Best Teen Books of the Year, Kirkus Reviews
Junior Library Guild selection
“Riveting.” —Kirkus, starred review
“A testament to the strength of enduring cultural traditions and the possibility of finding family in the unlikeliest places.” —Publishers Weekly, starred review
“This poetic, historical novel is an important addition to libraries given its focus on the consequences of U.S. involvement in Bolivian politics.” —School Library Journal, starred review
“There are writers and there is Melanie Crowder, who advances the art form to such a degree that when you reach the last page you can only hope that she will bless you with another literary masterpiece. Her young adult novel is raw, gripping, poetic and bold as it tackles the lingering aspect of colonialism in South America’s poorest country and America’s unscrupulous War On Drugs in the region. Crowder takes you on an emotional pilgrimage that you won’t want to end.” —RT Book Reviews, five star gold
It’s 1999 in Bolivia and Francisco’s life consists of school, soccer, and trying to find space for himself in his family’s cramped yet boisterous home. But when his father is arrested on false charges and sent to prison by a corrupt system that targets the uneducated, the poor, and the indigenous majority, Francisco’s mother abandons hope and her family. Francisco and his sister are left with no choice: They must move into the prison with their father. There, they find a world unlike anything they’ve ever known, where everything a door, a mattress, protection from other inmates has its price.
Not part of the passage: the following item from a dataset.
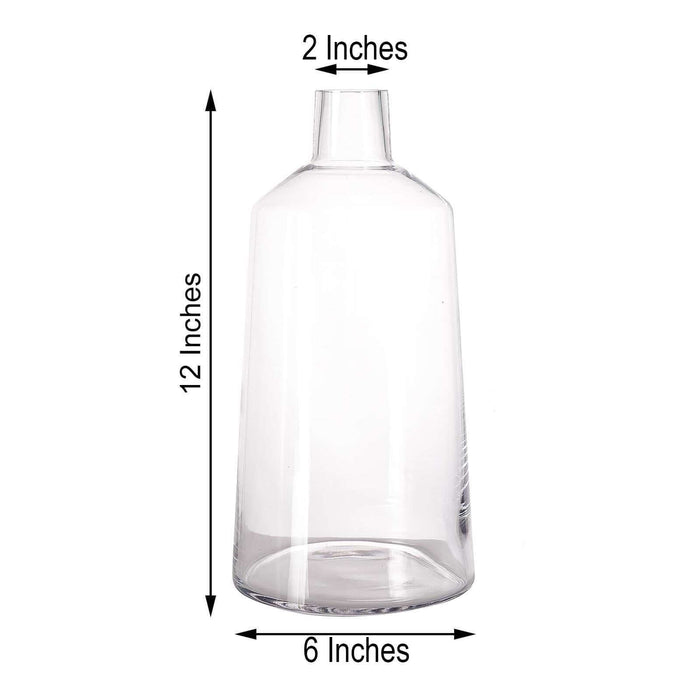 Clear glass vase, 12 inches tall, 6 inches wide, 2 inches opening diameter.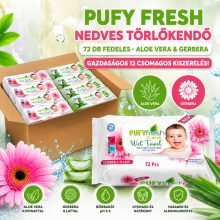 Pufy Fresh nedves törlőkendő 72db Fedeles - Aloe Vera, Gerbera(12csomag)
Prison life is dirty, dire, and dehumanizing. With their lives upended, Francisco faces an impossible decision: Break up the family and take his sister to their grandparents in the Andean highlands, fleeing the city and the future that was just within his grasp, or remain together in the increasingly dangerous prison. Pulled between two equally undesirable options, Francisco must confront everything he once believed about the world around him and his place within it.
In this heart-wrenching novel inspired by real events, Melanie Crowder sheds light on a little-known era of modern South American history where injustice still darkens the minds and hearts of people alike and proves that hope can be found, even in the most desperate places.